Déterminée à contrer le risque de déflation et à stimuler l'économie de la zone euro, la Banque centrale européenne (BCE) a annoncé jeudi des rachats massifs de dette, qui s'élèveront à au moins 1140 milliards d'euros.

Le conseil des gouverneurs «a décidé de lancer un programme élargi de rachats d'actifs» publics et privés, a annoncé M. Draghi au cours de sa conférence de presse à Francfort, lançant une offensive monétaire très attendue face à la faiblesse récurrente de l'évolution des prix dans la zone euro.

Ces rachats d'actifs seront échelonnés à raison de 60 milliards d'euros par mois à partir de mars 2015.

Dans le détail, ce programme sera mené de manière sûre «jusqu'à fin septembre 2016» et en tout cas jusqu'à ce que le Conseil des gouverneurs observe un ajustement durable de l'évolution de l'inflation», a dit le président.

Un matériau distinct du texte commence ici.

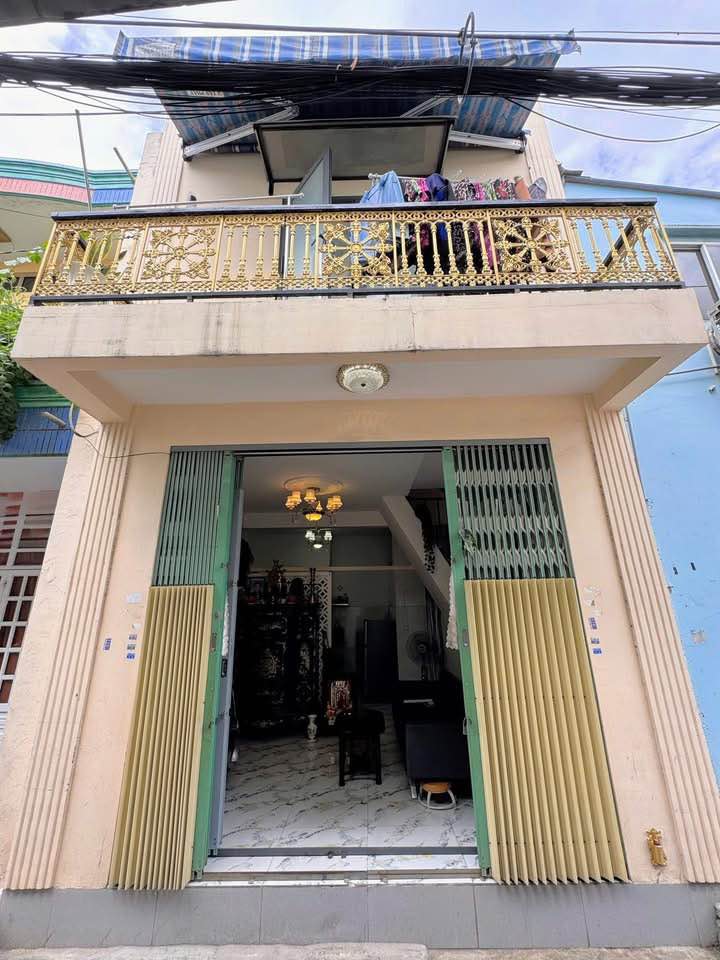 Nhà hẻm Tỉnh Lộ 10, Bình Tân 26.4m² giá 2.95 tỷ - Kinh doanh thuận lợi!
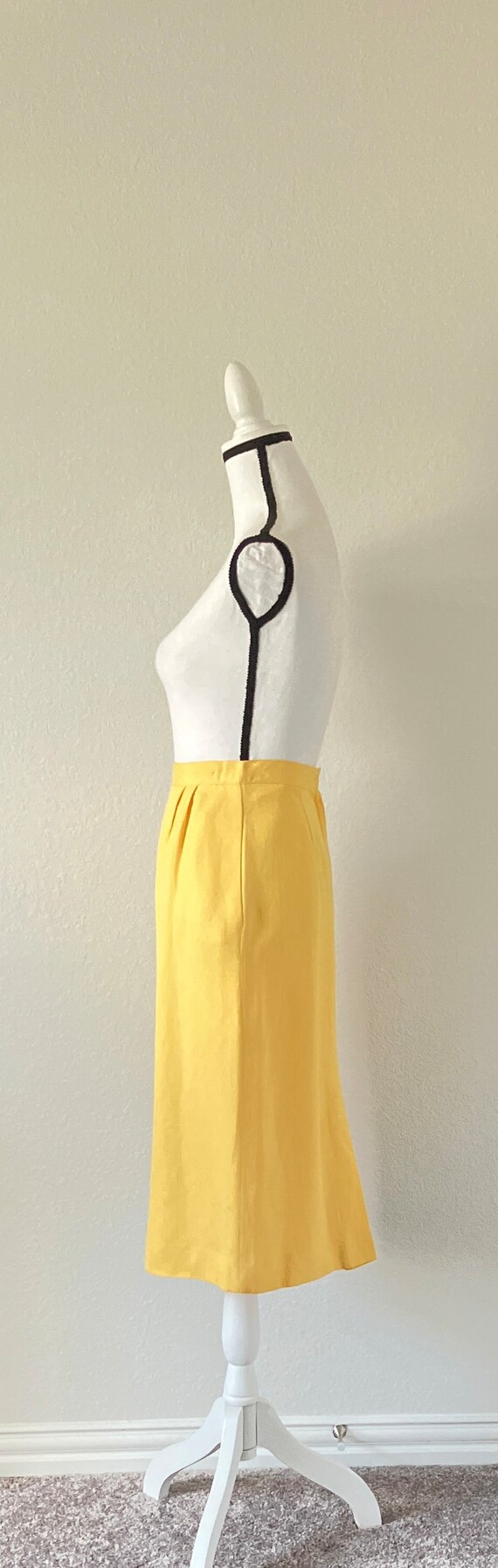 1960s Yellow Straight Skirt, Vintage Linen Blend … - image 4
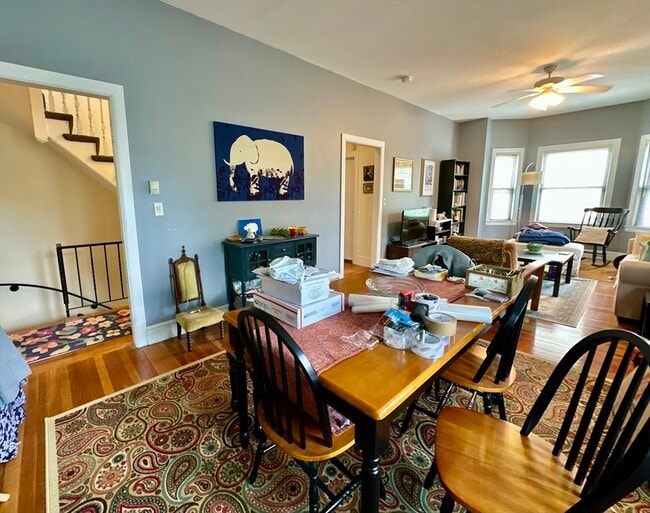 512 Centre St, Unit 2 in Boston, MA - Building Photo - Building Photo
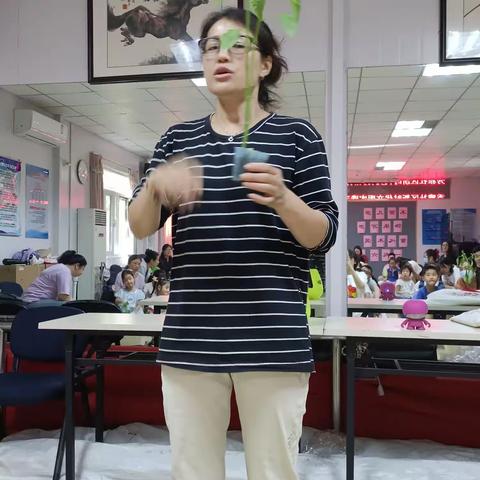 秀雅社区新时代文明实践青少年科普活动—打造阳台小菜园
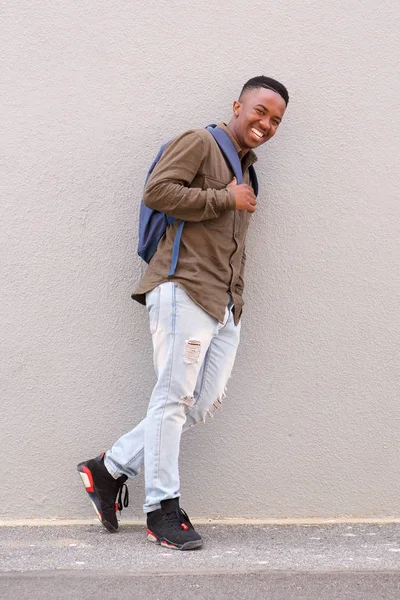 Smiling african american student — Stock Photo, Image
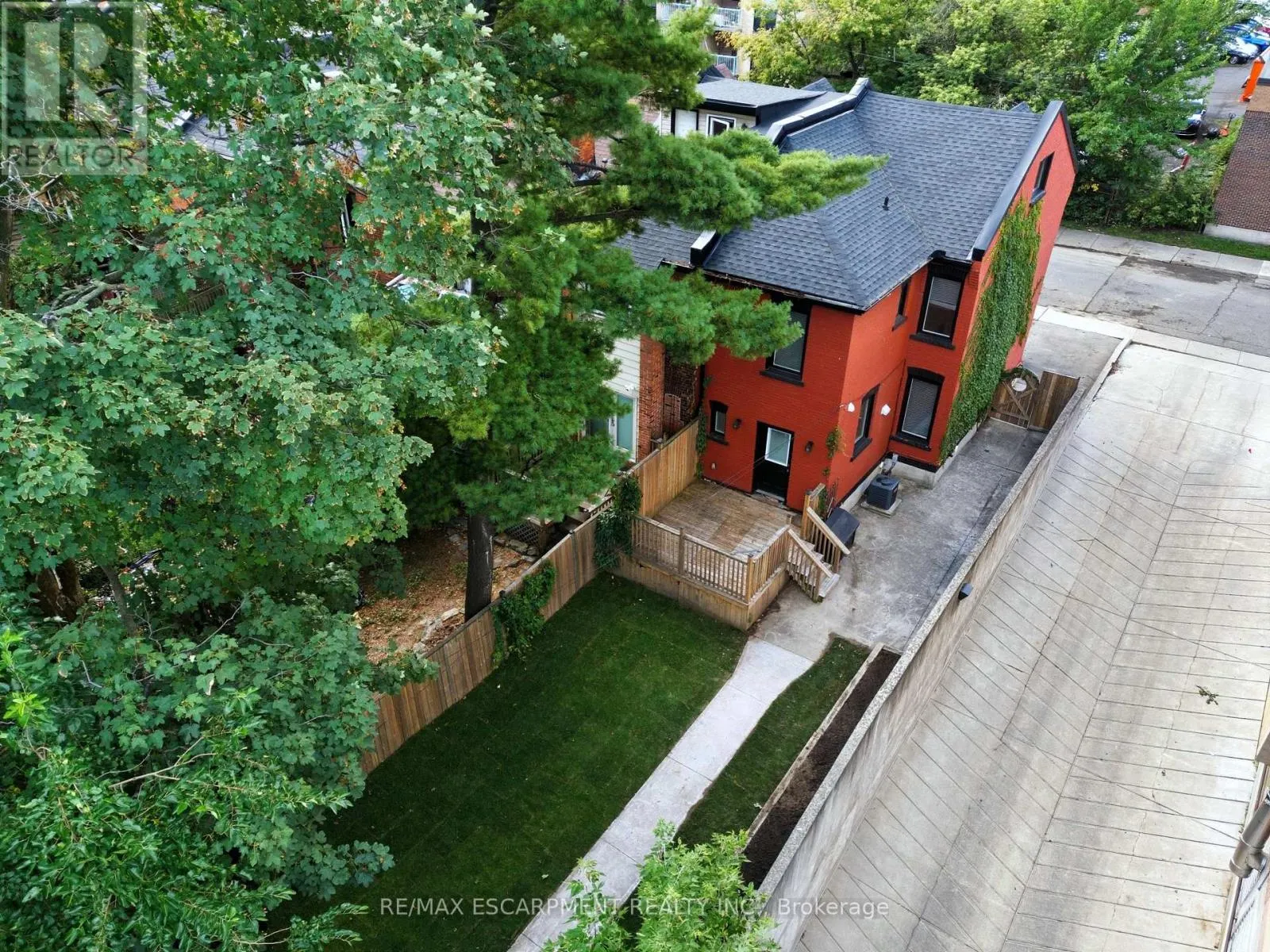 199 JACKSON STREET E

La BCE a pour objectif une inflation légèrement inférieure à 2%.

L'essentiel des rachats sera mis en oeuvre par les banques centrales nationales des 19 pays de la zone euro, et seuls 20% des titres achetés seront soumis à une mutualisation des risques, c'est-à-dire que les pertes éventuelles qui en découleront seront assumées in fine par tous les contribuables de la zone euro.

Pas la panacée

Version moderne de la planche à billets, un tel programme d'«assouplissement quantitatif» est souvent désigné par son acronyme anglo-saxon «QE».

Déjà utilisé par la Banque centrale du Japon et la Fed américaine, il vise à peser sur les taux d'intérêt, afin de relancer l'activité économique par le biais du crédit, et faire remonter les prix.

Soumis à controverse sur ses effets, le choix de mettre en place «maintenant» ce programme de rachats d'actifs a été pris «à une large majorité, mais pas à l'unanimité» du conseil des gouverneurs de la BCE, a précisé Mario Draghi.

«Mario Draghi ne nous a pas déçus, maintenant la fête peut commencer», ont commenté les économistes de Natixis.

Peu après les annonces de la BCE, le taux d'emprunt français à 10 ans a inscrit un plus bas historique, dans le sillage de l'Espagne et de l'Italie, et l'euro est reparti à la baisse face au dollar atteignant ses plus bas niveaux depuis septembre 2003.

«La BCE a répondu aux attentes mais ce ne sera pas la panacée», a commenté Jonathan Loynes, économiste chez Capital Economics, estimant notamment que ce partage des risques pourrait réduire le bénéfice du programme pour les pays européens fortement endettés.

Les gouvernements appelés à agir

Mario Draghi a pour sa part assuré que ces rachats de dette allaient contribuer à tirer les prix vers le haut, avec une inflation qui devrait «progressivement augmenter ultérieurement en 2015 puis en 2016». En décembre, l'inflation dans la zone euro est passée en territoire négatif (-0,2%), une première depuis 2009, essentiellement sous l'effet de la chute des cours du pétrole, faisant croître les craintes de déflation.

Le président de la BCE a d'ailleurs enjoint les gouvernements de la zone euro et la Commission européenne à ne pas se reposer sur la politique monétaire, mais à agir de leur côté pour soutenir l'économie.

«La politique monétaire peut créer les bases pour la croissance, mais pour que la croissance s'affermisse il faut de l'investissement», et c'est aux politiques d'en favoriser les conditions, a-t-il estimé.

La directrice générale du Fonds monétaire international (FMI) Christine Lagarde, a de son côté jugé «essentiel» que des réformes structurelles soient en parallèle lancées en Europe pour «doper le potentiel de croissance».

«Il reste essentiel que cette politique accommodante soit soutenue au bon moment par de vastes mesures politiques dans d'autres domaines, surtout des réformes structurelles destinées à doper le potentiel de croissance», a affirmé Mme Lagarde, dans un communiqué, tout en assurant qu'elle «saluait» l'action de la BCE.